Supplementing this, the doctor who performed the spinal fusion operation testified that he did not disagree with the findings of the medical panel, but also believed that the plaintiff was unemployable, based on his last physical examination of the plaintiff in 1971. The plaintiff is presently receiving social security benefits for total disability. It is not disputed that the plaintiff remains unemployed; and the defendant offered no evidence that he is employable.

*155 Plaintiff's argument that it is mandatory upon the Commission to grant him a permanent disability rating of 100 per cent is grounded on the proposition that the testimony of the witnesses just referred to, that because of his condition which resulted from the industrial accident he is unemployable, is uncontradicted.

Concerning this contention several observations are to be made. The first is that our statutes confer upon the Industrial Commission both the responsibility and the prerogative of making the determination as to disability;[2] and this includes that as to any "loss of bodily function not otherwise provided for herein, ... [what] the Commission shall deem equitable and in proportion as near as may be to compensation for specific loss as set forth in the schedule ..."[3]
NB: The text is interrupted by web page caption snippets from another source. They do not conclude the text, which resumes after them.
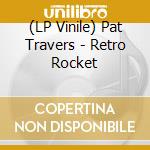 (LP Vinile) Pat Travers - Retro Rocket vinile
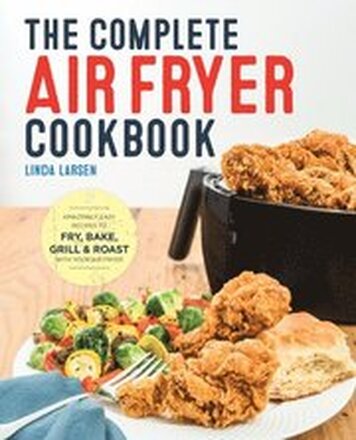 The Complete Air Fryer Cookbook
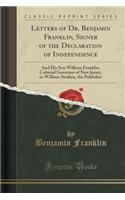 Letters of Dr. Benjamin Franklin, Signer of the Declaration of Independence: And His Son William Franklin, Colonial Governor of New Jersey, to William Strahan, the Publisher (Classic Reprint)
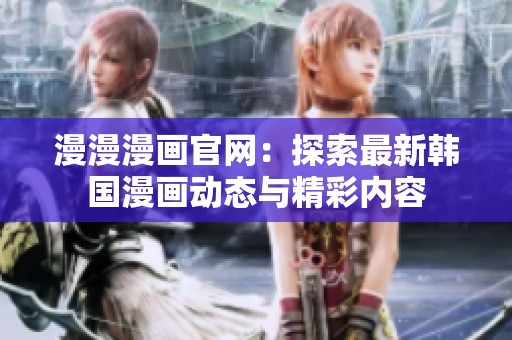 漫漫漫画官网：探索最新韩国漫画动态与精彩内容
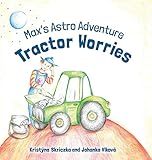 Tractor Worries: Max's Astro Adventure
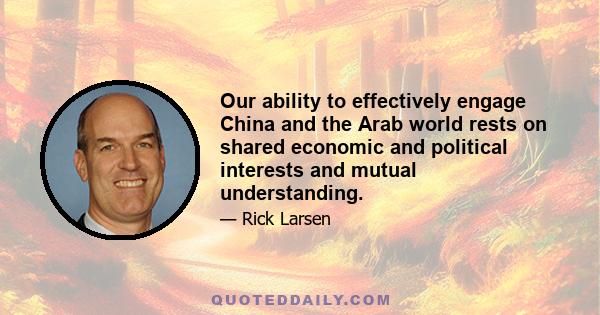 Our ability to effectively engage China and the Arab world rests on shared economic and political interests and mutual understanding.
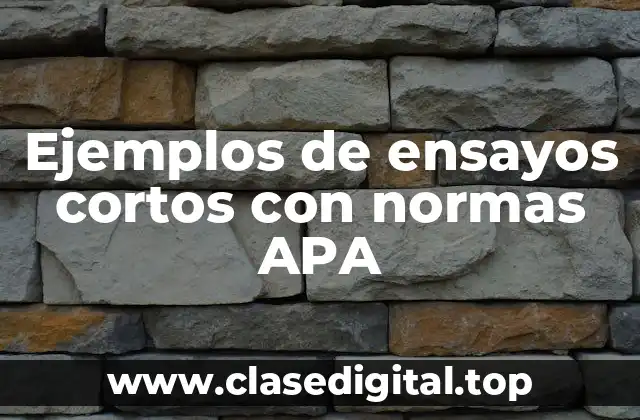Ejemplos de ensayos cortos con normas APA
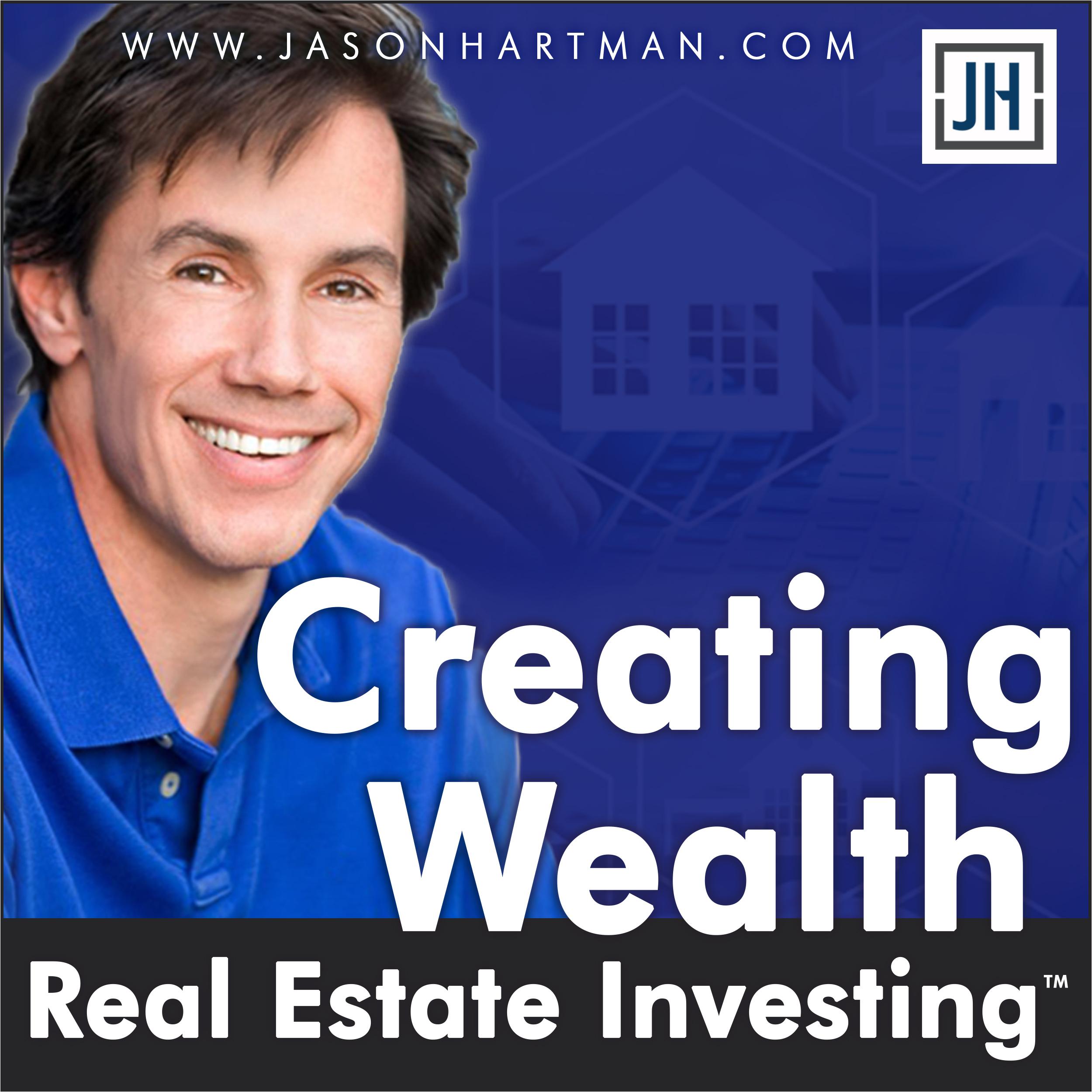 Creating Wealth Real Estate Investing with Jason Hartman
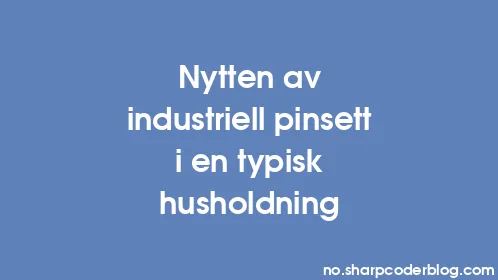 Nytten av industriell pinsett i en typisk husholdning - Thumbnail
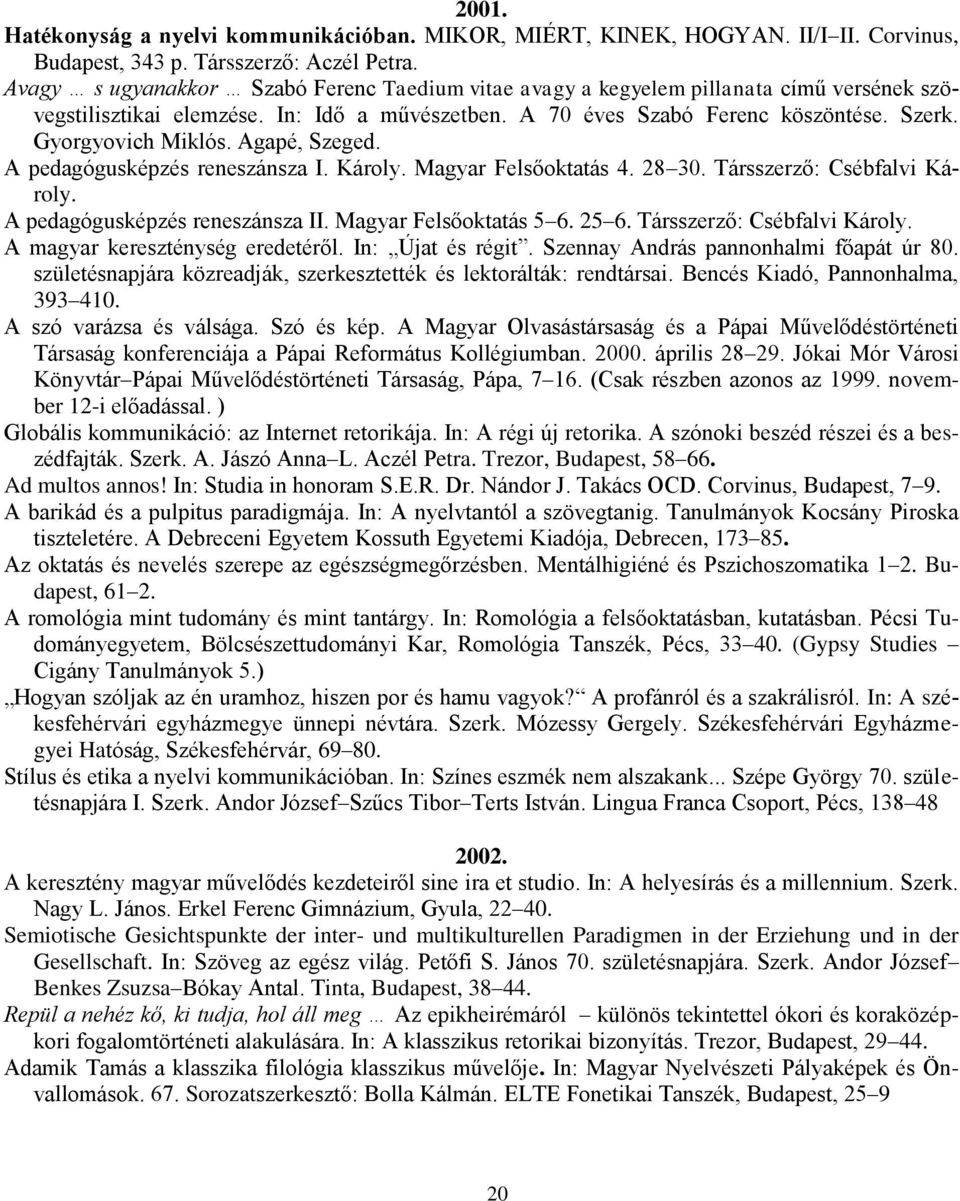 Agapé, Szeged. A pedagógusképzés reneszánsza I. Károly. Magyar Felsőoktatás 4. 28 30. Társszerző: Csébfalvi Károly. A pedagógusképzés reneszánsza II. Magyar Felsőoktatás 5 6. 25 6.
We have no disagreement with the plaintiff's argument that it would be unjust and impermissible for the Commission to obdurately ignore clear, credible and uncontradicted evidence so that its action is arbitrary and unreasonable. Yet is not necessarily bound to accept the opinions of any witness or witnesses, expert or otherwise, as to what its determination should be.[4] If it were so, it should be obvious that this would turn the prerogative entirely over to the expert witness and would relieve the Commission of both its prerogative and its responsibility. This would be especially true in a case like this where it would seem that the question as to the degree of plaintiff's disability, both as to the percentage and the permanency thereof, and how it compares to specific disabilities listed in the statute,[5] is not a problem in mathematics which can be determined with absolute certainty, but involves the exercise of some judgment upon which reasonable minds might vary in their conclusions.
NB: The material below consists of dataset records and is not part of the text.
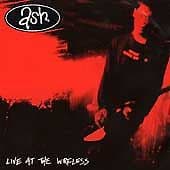 Ash : Live at the Wireless CD Pre-Owned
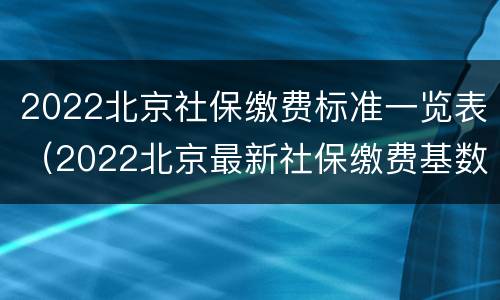 2022北京社保缴费标准一览表（2022北京最新社保缴费基数）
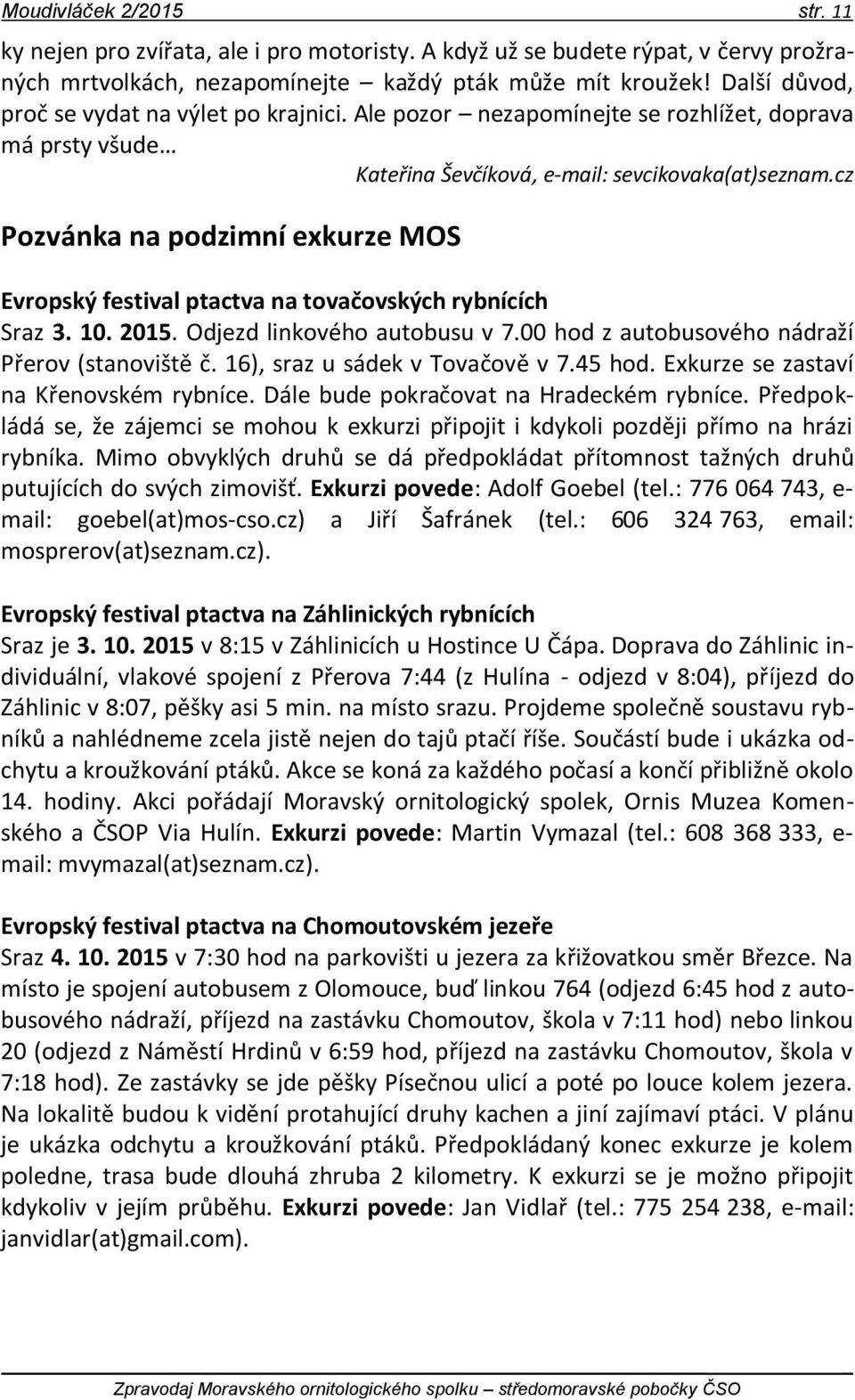 cz Pozvánka na podzimní exkurze MOS Evropský festival ptactva na tovačovských rybnících Sraz 3. 10. 2015. Odjezd linkového autobusu v 7.00 hod z autobusového nádraží Přerov (stanoviště č.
To be considered in connection with the foregoing is the fact that the burden rested upon the plaintiff to prove the extent of his disability by evidence which persuades the Commission in accordance with his contention. In that connection it is to be had in mind that there was not only the evidence upon which the plaintiff relies concerning his unemployability, but also the evidence, which he seems to ignore, of the medical panel which rated his disability at 50 per cent, which the Commission elected to believe and adopt as its finding. It is not open to question that if the Commission had chosen to make its findings in accordance with the plaintiff's evidence, that award would be sustained. But upon this review it is our duty to survey the total evidence in the light most favorable to the Commission's determination; and to assume that it believed those aspects of the evidence which support its award; and we cannot properly reverse when there is a reasonable basis therein to support the findings and award as made.[6]
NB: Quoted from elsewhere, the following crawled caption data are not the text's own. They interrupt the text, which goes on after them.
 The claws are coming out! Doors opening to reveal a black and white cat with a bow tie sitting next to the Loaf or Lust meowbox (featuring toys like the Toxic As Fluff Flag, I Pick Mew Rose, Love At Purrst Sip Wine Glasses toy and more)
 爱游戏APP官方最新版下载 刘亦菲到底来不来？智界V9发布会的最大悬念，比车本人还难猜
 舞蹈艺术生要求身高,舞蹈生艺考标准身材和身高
Affirmed. No costs awarded.

CALLISTER, C.J., and ELLETT, HENRIOD and TUCKETT, JJ., concur.

NOTES

[1] See Section 35-1-77, U.C.A. 1953.

[2] Section 35-1-85, U.C.A. 1953.

[3] Section 35-1-66, U.C.A. 1953.

[4] This court said in the case of Spencer v. Industrial Comm., 87 Utah 336, 40 P.2d 188, that such matters are to be decided by the Commission, and not necessarily bound by the opinions of expert witnesses thereon; see also Garner v. Heela Mining Company, 19 Utah 2d 367, 431 P.2d 794.

[5] As to Commission's discretion in making such ratings see Markus v. Industrial Comm., 5 Utah 2d 347, 301 P.2d 1084.

[6] Vause v. Industrial Comm., 17 Utah 2d 217, 407 P.2d 1006.